Muito o tenho admirado, pelas suas intervenções jornalísticas e pelo seu relevante contributo para a generalização do gosto pela leitura entre os portugueses.
É por motivo dessa admiração que muito mais me doeu ler o que a respeito da CP assinou em artigo de opinião publicado no Expresso do último Sábado, 24 de Abril.
Parafraseando uma crónica no Público de Helena Matos, escreve que, numa altura em que os aeroportos nacionais registavam dificuldades de funcionamento, “a CP não organizou comboios extras, mas, pior do que isso, manteve, imperturbável, a mesma única bilheteira da estação a funcionar [Santa Apolónia], perante filas intermináveis de pessoas, crianças incluídas, horas à espera. O espectáculo foi, de facto, intolerável.

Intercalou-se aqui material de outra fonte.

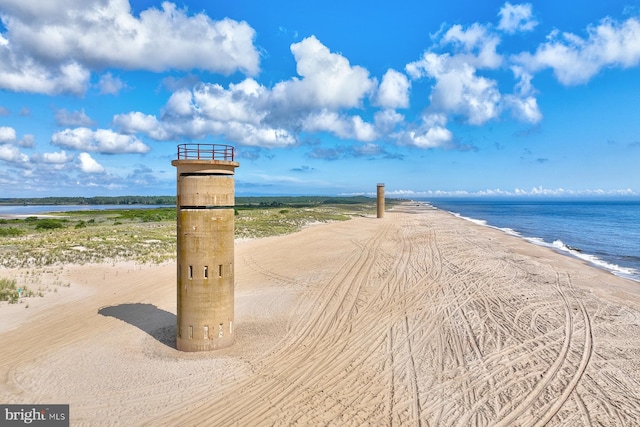 view of property's community featuring a water view and a beach view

De incompetência, de desdém, de falta de respeito".
Estou certo que se tivesse tido a oportunidade de se inteirar melhor acerca das condicionantes da operação ferroviária internacional não teria dado por assente uma opinião que não se radica no conhecimento, mesmo que elementar, dessa realidade.
Porque sei que preza a competência e o rigor, acredito que gostará de conhecer as condicionantes que impediram o caminho-de-ferro de responder mais eficazmente ao desafio da catástrofe natural que se abateu sobre os céus da Europa.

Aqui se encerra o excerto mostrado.